Pour la première fois en 25 ans d’existence du classement, le score moyen global des pays évalués atteint son niveau le plus bas, traduisant une détérioration continue du droit à l’information à l’échelle mondiale.
Selon RSF, 52,2% des pays présentent désormais une situation préoccupante pour la presse, contre seulement 13,7 % en 2002. Par ailleurs, moins de 1 % de la population mondiale vit aujourd’hui dans un environnement où la liberté de la presse est jugée « bonne ».
L’organisation souligne que l’indicateur légal est celui qui enregistre la plus forte baisse en 2026, révélant une criminalisation croissante du journalisme. Cette tendance s’explique notamment par l’utilisation accrue de lois liées à la sécurité nationale pour restreindre l’accès à l’information, y compris dans des régimes démocratiques.
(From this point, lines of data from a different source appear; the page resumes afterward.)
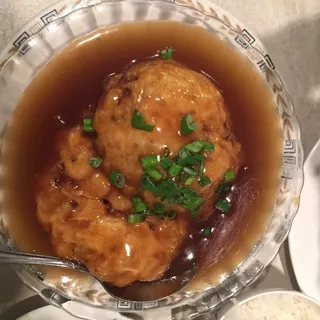 FE05 Shrimp Egg Foo Young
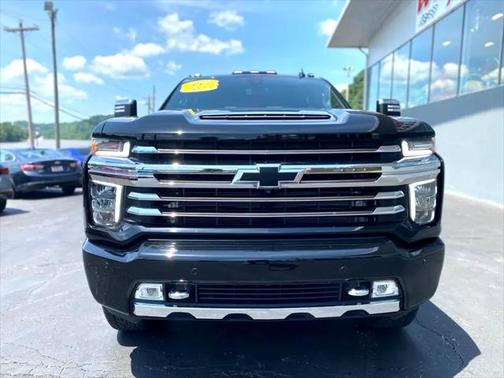 2022 Chevrolet Silverado 3500 High Country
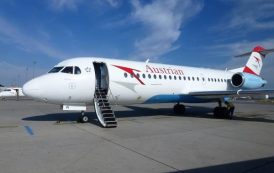 Austrian Airlines закроет рейс Вена - Краснодар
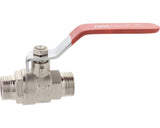 Robinet Cu Bila, Filet Exterior 1/2"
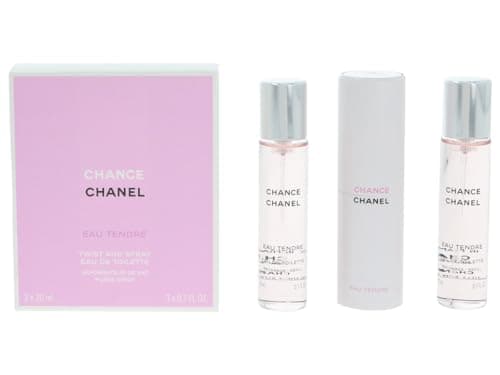 Image of Chanel Chance Eau Tendre Gift set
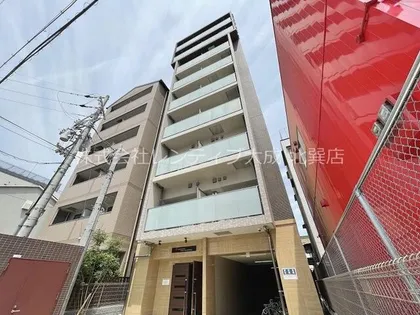 オズレジデンス布施柳通【5階】の外観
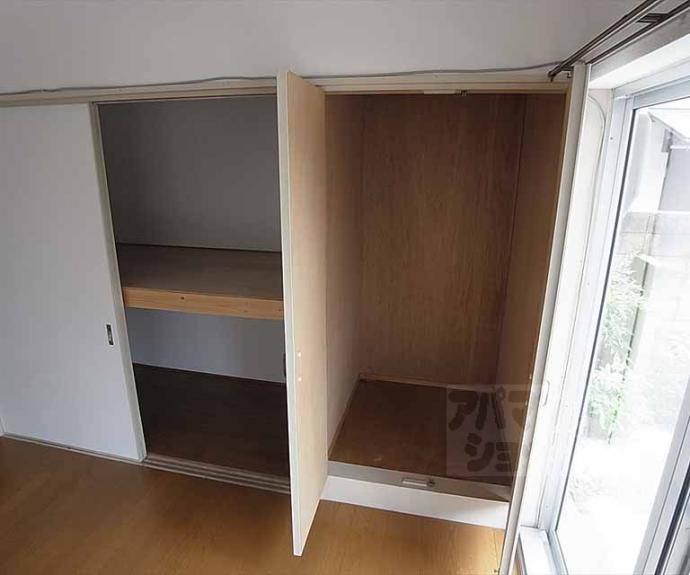 【下鴨夜光町貸家3】間取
« Les attaques contre le droit à l’information se diversifient et se sophistiquent », a alerté la directrice éditoriale de RSF, Anne Bocandé, appelant à la mise en place de mécanismes de protection plus efficaces en faveur des journalistes.
Le classement met également en lumière des évolutions contrastées selon les régions. Les États-Unis reculent de sept places pour se positionner au 64ᵉ rang, tandis que plusieurs pays d’Amérique latine, comme l’Équateur et le Pérou, enregistrent une forte dégradation, marquée par des violences contre les journalistes.
À l’inverse, la Norvège conserve la première place du classement pour la dixième année consécutive, alors que l’Érythrée demeure en dernière position.
Le rapport souligne par ailleurs l’impact des conflits armés sur la liberté de la presse dans plusieurs pays, notamment en Soudan, au Yémen et en Irak, où les journalistes sont exposés à des risques accrus.
En Afrique, la situation au Sahel reste préoccupante, avec notamment le Niger qui enregistre la plus forte baisse du classement en 2026.
RSF appelle les États et les acteurs internationaux à renforcer les garanties juridiques et les mécanismes de protection des journalistes, afin d’enrayer l’érosion du droit à l’information et de préserver le rôle essentiel de la presse dans les sociétés démocratiques.